Lagrangian model for passive scalar gradients in turbulence

TL;DR

This paper develops a Lagrangian model for passive scalar gradients in turbulence, extending a recent Gaussian field closure approach, and improves its accuracy by incorporating trajectory history information, achieving good agreement with DNS data up to moderate Reynolds numbers.

Contribution

It introduces a novel Lagrangian scalar gradient model based on RDGF closure, enhanced with trajectory history data, for better turbulence scalar predictions.

Findings

Model accurately predicts scalar gradients and alignments with strain eigenvectors.

Incorporating trajectory history improves model accuracy significantly.

Model's validity extends up to Reynolds number approximately 500.

Abstract

The equation for the fluid velocity gradient along a Lagrangian trajectory immediately follows from the Navier-Stokes equation. However, such an equation involves two terms that cannot be determined from the velocity gradient along the chosen Lagrangian path: the pressure Hessian and the viscous Laplacian. A recent model handles these unclosed terms using a multi-level version of the recent deformation of Gaussian fields (RDGF) closure (Johnson \& Meneveau, Phys.~Rev.~Fluids, 2017). This model is in remarkable agreement with DNS data and works for arbitrary Taylor Reynolds numbers $\Rey_\lambda$. Inspired by this, we develop a Lagrangian model for passive scalar gradients in isotropic turbulence.

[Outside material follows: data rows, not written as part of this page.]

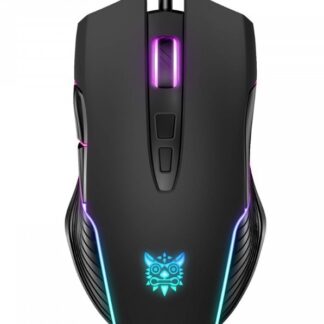 DeTech Onikuma CW905 Drátová herní myš 7D, RGB - černá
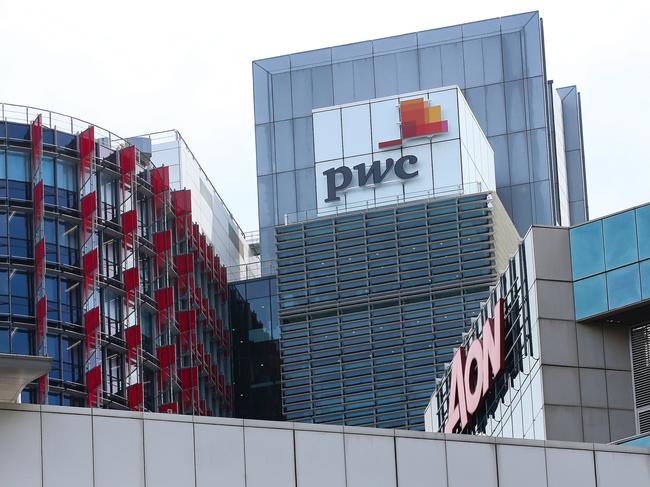 SYDNEY, AUSTRALIA: NewsWire Photos: MARCH 13 2024: A general view of the PWC Building in the CBD in Sydney after PwC Australia staff have been told 366 jobs will be axed as part of widespread cuts announced within the firm on Wednesday. The firmâs 7200-strong staff were informed at midday on Wednesday that 329 staff and up to 37 partners were losing their jobs major restructure. . Picture: NCA NewsWire/ Gaye Gerard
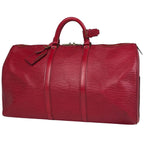 Louis Vuitton Keepall 50 Boston Bag Epi Castilian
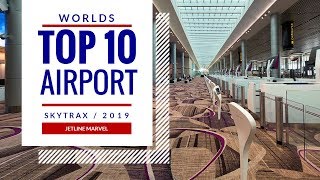 The 10 Best Airports In The World In 2019  Skytrax Awards [upl. by Ollecram265]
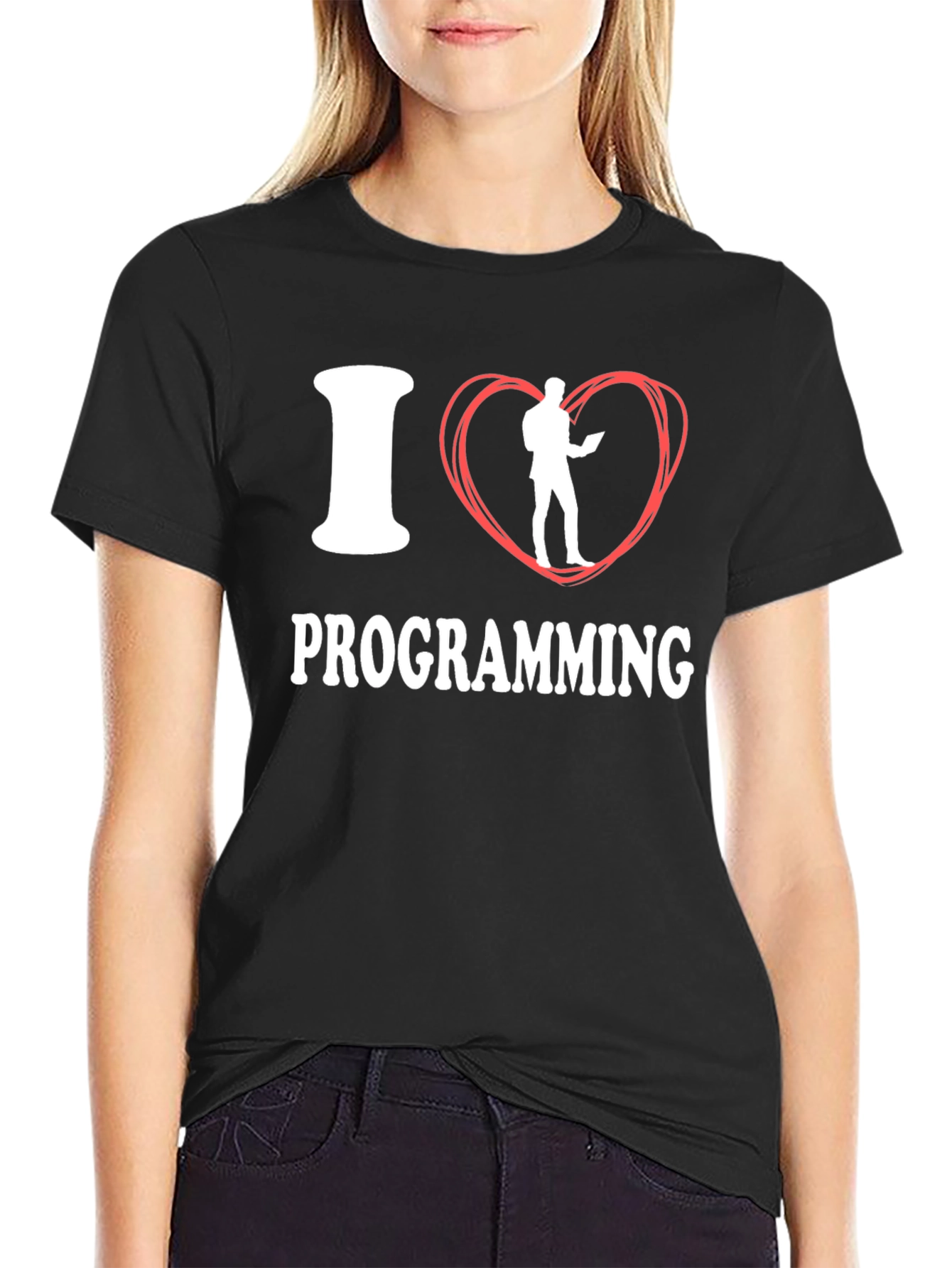 I Love Programming T-Shirt - Black Funny Coder Tee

The equation for passive scalar gradients also involves an unclosed term in the Lagrangian frame, namely the scalar gradient diffusion term, which we model using the RDGF approach. However, comparisons of the statistics obtained from this model with direct numerical simulation (DNS) data reveal substantial errors due to erroneously large fluctuations generated by the model. We address this defect by incorporating into the closure approximation information regarding the scalar gradient production along the local trajectory history of the particle. This modified model makes predictions for the scalar gradients, their production rates, and alignments with the strain-rate eigenvectors that are in very good agreement with DNS data. However, while the model yields valid predictions up to around $\Rey_\lambda\approx 500$, beyond this, the model breaks down.